Birthdays Lost and Found

Yesterday was my birthday.  I had not one, but two cakes:  a beautifully decorated chocolate cake I shared with some amazing women friends at lunchtime, and one almond cake with caramel icing drizzled on it that I enjoyed after dinner with my parents and husband.  It was like I had two birthdays.

Long ago, in 1969 and in 1972, I wasn't so lucky.  
  
In those years, our family was given something called a "furlough," a summer off from our assignment as a missionary family in Japan. Every three to five years, the Board of Missions paid for us to return to America to reconnect with our family and with the churches who supported.  In actuality, we were given a full one year furlough, but we only took three months of it.  I was a student at Takayama Shoogakkoo, a public school in Mitaka, Japan.  Missing an entire year of Japanese school would have placed me forever behind my classmates and made it impossible to continue.  Keeping up with all the characters I had to learn week to week was hard enough when I had perfect attendance.  Trying to catch up on dozens of them at the same we learned more would have required a Herculean effort I could not have mustered.
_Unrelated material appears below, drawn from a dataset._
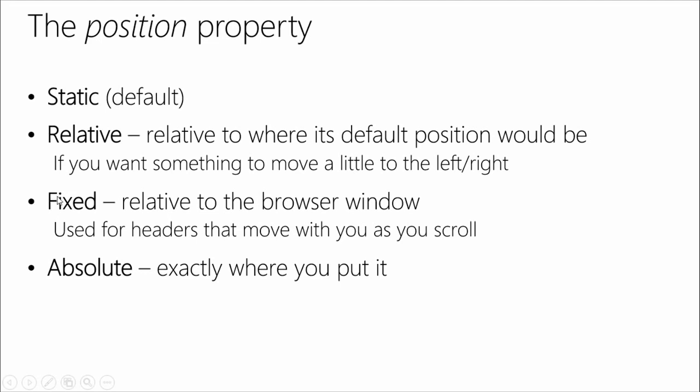The next one is fixed, and that's just relative to the browser window. This is especially useful for headers that move with you as you scroll. And the last is an absolutely placed element. These are less commonly used and they can be confusing. Absolute elements are put exactly where you position it. If you give it 100 pixels from the top and 100 pixels from the left, it'll just be right there, and nothing else will move it. It doesn't listen to any of the other elements. Whereas a lot of these other ones, they relate to other things. The fixed is relative to the browser window, and the relative position is relative to where its default place is.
Furloughs were happy times for our family when my brother and I got good glimpses at what life in America was like.  We loved the attention we received as family members doted on us, and we experienced what was, essentially, a three month vacation.  
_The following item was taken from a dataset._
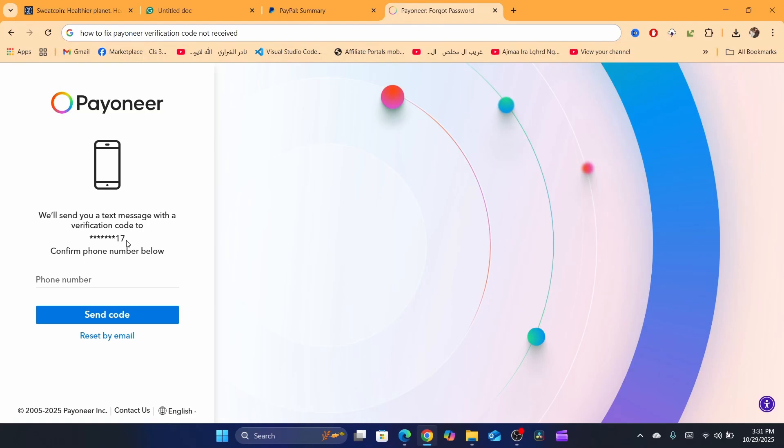They don't say something like there is unusual activity, we cannot send a verification code. They just leave it like that, they don't send the verification code to keep you protected because they think someone else is trying to get a verification code. That's the reason.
When it was time for these furloughs to end, we began our long journey West that took us to the Far East.
It just so happened that our return at the end of the two summer furloughs coincided both times with my birthday.  The plane departed from the West Coast on the morning of August 30th, my birthday.  Of course, I reveled in this fact from the moment my eyes opened that this was my special day.  As the airplane took off heading away from the sun and America as fast as it could go, roaring its engines, my birthday ticked away. What seemed like several short hours into the flight, the pilot came across the intercom to announce that we had crossed the International Date Line, and that now it was August 31st.  I had my birthday morning, but not the afternoon.  I had lost my birthday.

I made up for those lost birthday afternoons by the joy of reuniting with my Japanese friends again upon our arrival, and through birthdays like the one I had yesterday.  Two cakes.  Two birthdays.  I am so blessed.